■ Task prompt: Nothing but the lines from the one containing "We have the options" through the end of the material should be restated, and each exactly.

[Opening Data section]

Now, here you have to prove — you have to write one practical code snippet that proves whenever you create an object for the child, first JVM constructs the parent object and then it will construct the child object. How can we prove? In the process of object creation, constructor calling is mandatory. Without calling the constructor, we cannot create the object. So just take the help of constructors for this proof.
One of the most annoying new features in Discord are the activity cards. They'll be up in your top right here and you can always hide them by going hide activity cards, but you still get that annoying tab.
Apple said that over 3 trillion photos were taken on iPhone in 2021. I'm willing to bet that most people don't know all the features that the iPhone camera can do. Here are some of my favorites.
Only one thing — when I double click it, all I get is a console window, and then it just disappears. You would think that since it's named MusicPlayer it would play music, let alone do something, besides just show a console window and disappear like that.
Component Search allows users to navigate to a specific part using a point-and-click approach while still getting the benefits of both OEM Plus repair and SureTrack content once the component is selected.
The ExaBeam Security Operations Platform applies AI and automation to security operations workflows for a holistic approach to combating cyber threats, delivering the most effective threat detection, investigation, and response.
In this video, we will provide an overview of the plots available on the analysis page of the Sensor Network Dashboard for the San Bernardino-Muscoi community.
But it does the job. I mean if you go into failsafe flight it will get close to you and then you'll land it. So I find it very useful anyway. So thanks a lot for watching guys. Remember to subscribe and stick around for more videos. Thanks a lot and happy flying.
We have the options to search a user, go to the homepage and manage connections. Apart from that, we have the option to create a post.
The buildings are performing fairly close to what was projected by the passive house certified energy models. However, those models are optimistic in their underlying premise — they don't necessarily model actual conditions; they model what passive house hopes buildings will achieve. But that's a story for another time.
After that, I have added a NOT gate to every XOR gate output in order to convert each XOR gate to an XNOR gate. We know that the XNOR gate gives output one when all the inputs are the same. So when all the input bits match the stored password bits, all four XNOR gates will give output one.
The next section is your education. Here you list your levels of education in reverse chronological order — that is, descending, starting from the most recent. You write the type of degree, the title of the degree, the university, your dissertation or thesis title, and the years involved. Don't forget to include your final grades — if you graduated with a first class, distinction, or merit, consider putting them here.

[Closing Data section]

■ Response area:
We have the options to search a user, go to the homepage and manage connections. Apart from that, we have the option to create a post.
The buildings are performing fairly close to what was projected by the passive house certified energy models. However, those models are optimistic in their underlying premise — they don't necessarily model actual conditions; they model what passive house hopes buildings will achieve. But that's a story for another time.
After that, I have added a NOT gate to every XOR gate output in order to convert each XOR gate to an XNOR gate. We know that the XNOR gate gives output one when all the inputs are the same. So when all the input bits match the stored password bits, all four XNOR gates will give output one.
The next section is your education. Here you list your levels of education in reverse chronological order — that is, descending, starting from the most recent. You write the type of degree, the title of the degree, the university, your dissertation or thesis title, and the years involved. Don't forget to include your final grades — if you graduated with a first class, distinction, or merit, consider putting them here.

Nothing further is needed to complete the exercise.